The Engagements of Difference Machines

It’s been a while since I stopped over in Buffalo, but I’m finally unfrozen, and I’m unfreezing my blog, too, to comment a bit on the exhibit I saw — this was the purpose of my brief wintry sojourn — Difference Machines: Technology and Identity in Contemporary Art at the Albright-Knox Northland. I visited the show with my spouse, Flourish; Tina Rivers Ryan (who curated the exhibit with Paul Vanouse) was kind enough to give us a big chunk of her day and provide a detailed tour.

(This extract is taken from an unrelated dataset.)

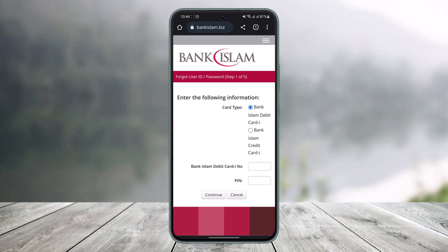After tapping Continue, it will ask you to enter the code that was sent to the mobile number registered with your online banking. You'll receive the code on that number — simply copy and paste it into the box. It will then take you to a page where you can enter your new user ID or new password.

When we speak of “identity,” we speak of difference. This is true whether we are philosophers like John Perry, who has interrogated what it is that makes objects identical to one another, or are focused on the social world. The works in Difference Machines explore how, in the context of computer and network technologies, people’s identities persist, rather than being erased as some imagined would have happened. This means that some can be grouped together and identified in stereotypical, harmful, even lethal ways — but there are also glimpses of how, more positively, people can identify with one another.

I got to see Difference Machines just before it closed on January 16, so I have to settle for telling you about what you missed. One of the more remarkable aspects of the exhibit is that it was light-flooded and in a space where sound could call out invitingly from some of the pieces without derailing one’s experience of artworks nearby. While I would exhaust myself (and you, dear reader) were I to try to thoroughly review the show and relate much of what was so compelling about it, I’ll at least write some about three of the works in it, to give an idea of what machines were running and how they engaged with shared themes.

Many of the artworks spoke against the concept of a flattened, egalitarian cyberspace (metaverse?), but the photos and texts by Sean Fader in his 2020 Insufficient Memory go beyond this. They document hate crimes against LGBTQ+ people, including many murders and instances where people have been provoked to kill themselves. As a viewer approaches, the low-res photos, taken on a very early consumer digital camera, have a beauty that inheres in the often natural scenes, is intensified by how they are framed, and becomes even more compelling because of the lossy, “cool” (McLuhan’s term) nature of these highly compressed images. Walking around to the back, the viewer, become reader, discovers how each photo is the scene of a brutal crime. The victims did not find positive community through common identity; they were marked as different and in most cases directly killed because of their difference.

‘Ye or Nay at Difference Machines, two computers set up with the game
‘Ye or Nay, A.M. Darky, 2020 (Photo by Tina Rivers Ryan)

To given an idea of the range of this show, turn to ‘Ye or Nay by A.M. Darky (2020). This artwork is a game for two that invites a chat as each player tries to pick out the card that is showing on the other’s screen. It’s not some antigame or disorientation machine, but an actual fun game with a compelling soundtrack, graphics, and interface. (Go play it online!) The cards all display portraits of Black male celebrities. Part of the concept is that some will be better equipped to play this game for various reasons — they will have a more extensive vocabulary to describe the hairstyles shown, for instance, or they will know more about who was born where. The game/artwork playfully tickles players to consider what they’re able to articulate (or not). My only critique is that the piece is already showing its age in one minor way: The apostrophe at the beginning should now be removed!

Level of Confidence’s face-recognition software finds a match for Flourish
Level of Confidence, Rafael Lozano-Hemmer, 2015 (Photo by Tina Rivers Ryan)

The last piece I’ll turn to is by a well-known digital media artist, Rafael Lozano-Hemmer. His Level of Confidence (2015) is a free and open source software project in which biometric software matches the face of the viewer (also the viewed, in this case) to one of 43 students who were kidnapped from the Ayotzinapa normalista school in Iguala, Guerrero, Mexico. The project memorializes this event and exposes the working of a face-recognition system which, it seems, is doomed to never make a match. As I read the piece, though, this artwork also uses computer technology to present the viewer with someone who looks like them, making the connection to this kidnapping more personal and acute. This does not result in some sort of naïve empathy machine. A museum visitor in Buffalo is not likely to suddenly feel, “ah! It could have been me being kidnapped!” But the piece is also not purely a slam on surveillance technology, as I see it. The face-recognition system that is central to this interactive artwork is used to invite a novel viewing and works to help keep an event alive in memory.

Well, I could go on! There were many other great works in the show. But I can’t write a catalogic discussion of them all, so I’ll have to let those three stand as examples of the different approaches artists in Difference Machines took.